No pictures belong in the copy, but every line of the material below must be reproduced exactly.
______________________________
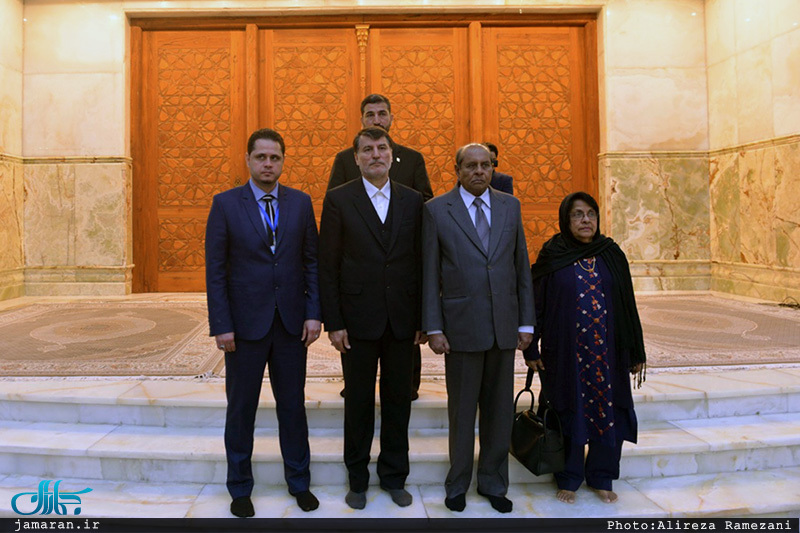 ادای احترام تیلاک مارا پانا وزیر امور خارجه سریلانکا نسبت به امام 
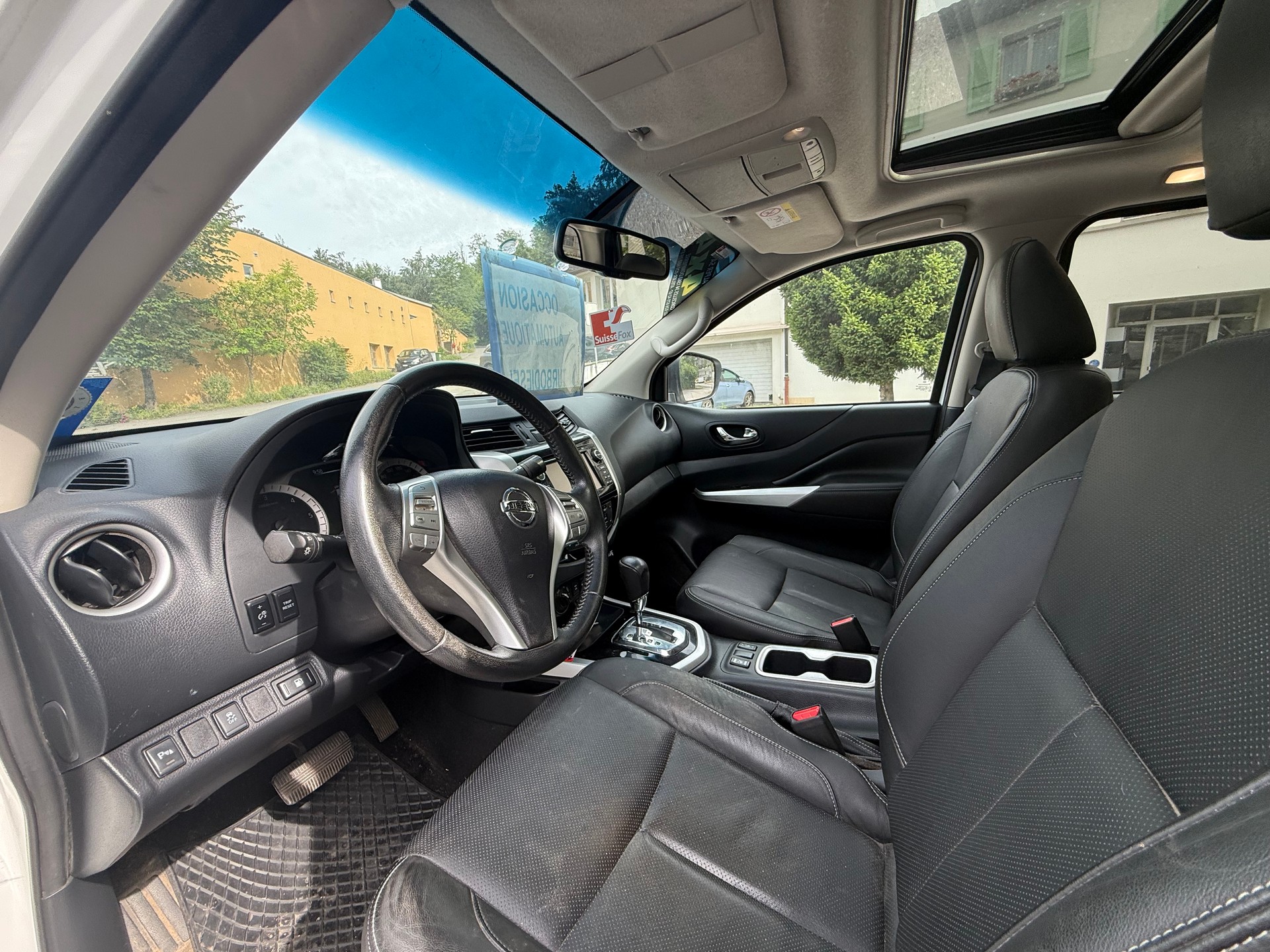 NISSAN Navara Double Cab Tekna 2.3 dCi 4WD Automatic-image-9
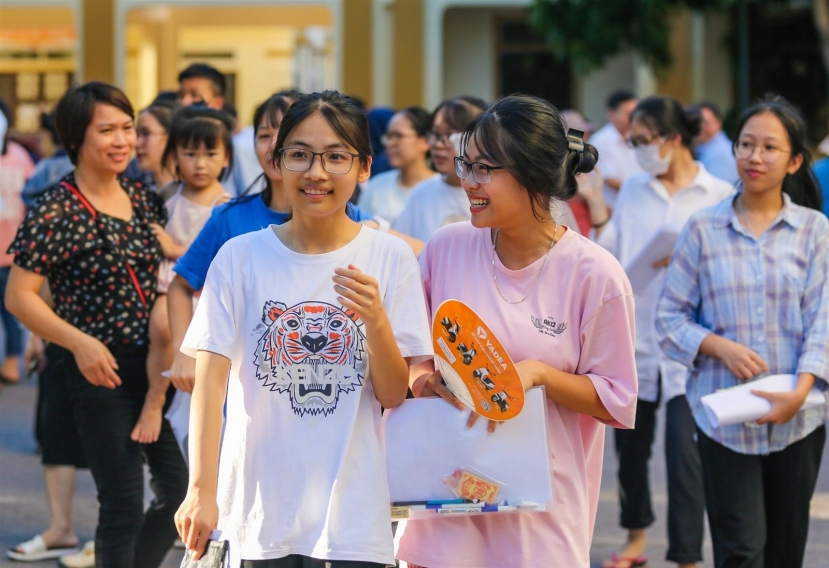 Đối với trường công lập và tư thục không thi tuyển sẽ tuyển sinh bằng cách xét tuyển học bạ Đối với trường công lập và tư thục không thi tuyển sẽ tuyển sinh bằng cách xét tuyển học bạ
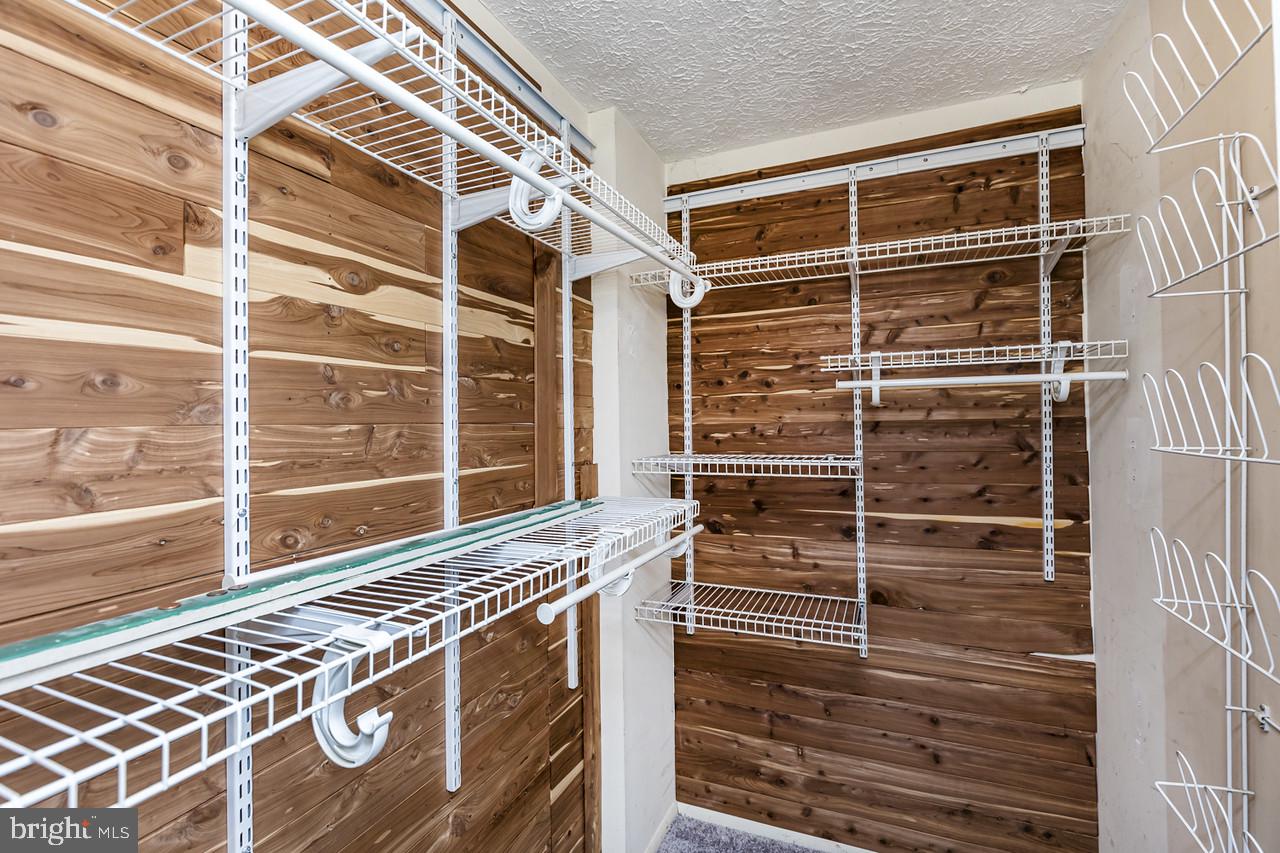 GLADE TOWN - Residential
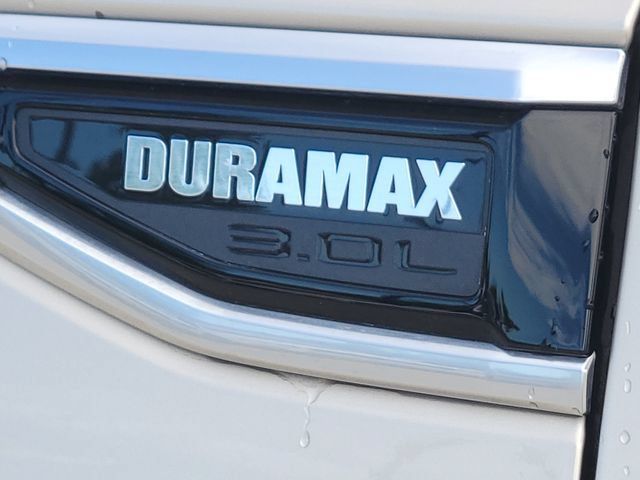 Used 2023 GMC Yukon XL Denali AWD/4WD image 16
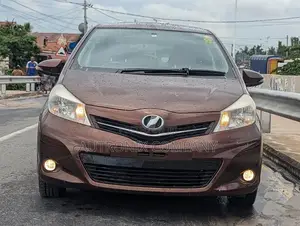 Toyota Vitz 1.3 AWD 5dr 2012 Maroon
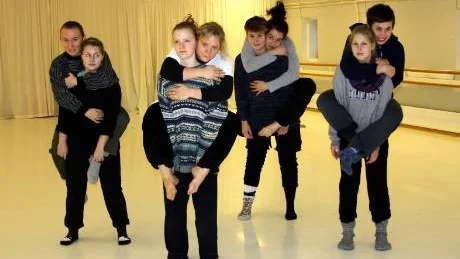 Danseleverna som skapat koreografier av poesi och dansar på Almedalsbiblioteket i kväll är Matilda Olofsson, Angelica Hamrén, Li Molnar Kronlid, Sofia Berglund, Anna Sonnsjö Andersson, Josefin Hed Myrberg, Moa Bobäck och Jilda Hallin.
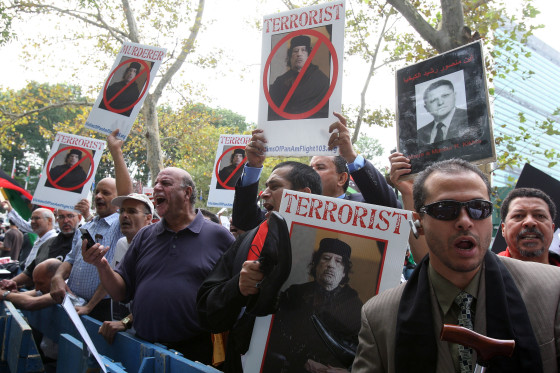 Image: Protests outside of the UN building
______________________________
REPLY TO THE TASK:
 ادای احترام تیلاک مارا پانا وزیر امور خارجه سریلانکا نسبت به امام 
 NISSAN Navara Double Cab Tekna 2.3 dCi 4WD Automatic-image-9
 Đối với trường công lập và tư thục không thi tuyển sẽ tuyển sinh bằng cách xét tuyển học bạ Đối với trường công lập và tư thục không thi tuyển sẽ tuyển sinh bằng cách xét tuyển học bạ
 GLADE TOWN - Residential
 Used 2023 GMC Yukon XL Denali AWD/4WD image 16
 Toyota Vitz 1.3 AWD 5dr 2012 Maroon
 Danseleverna som skapat koreografier av poesi och dansar på Almedalsbiblioteket i kväll är Matilda Olofsson, Angelica Hamrén, Li Molnar Kronlid, Sofia Berglund, Anna Sonnsjö Andersson, Josefin Hed Myrberg, Moa Bobäck och Jilda Hallin.
 Image: Protests outside of the UN building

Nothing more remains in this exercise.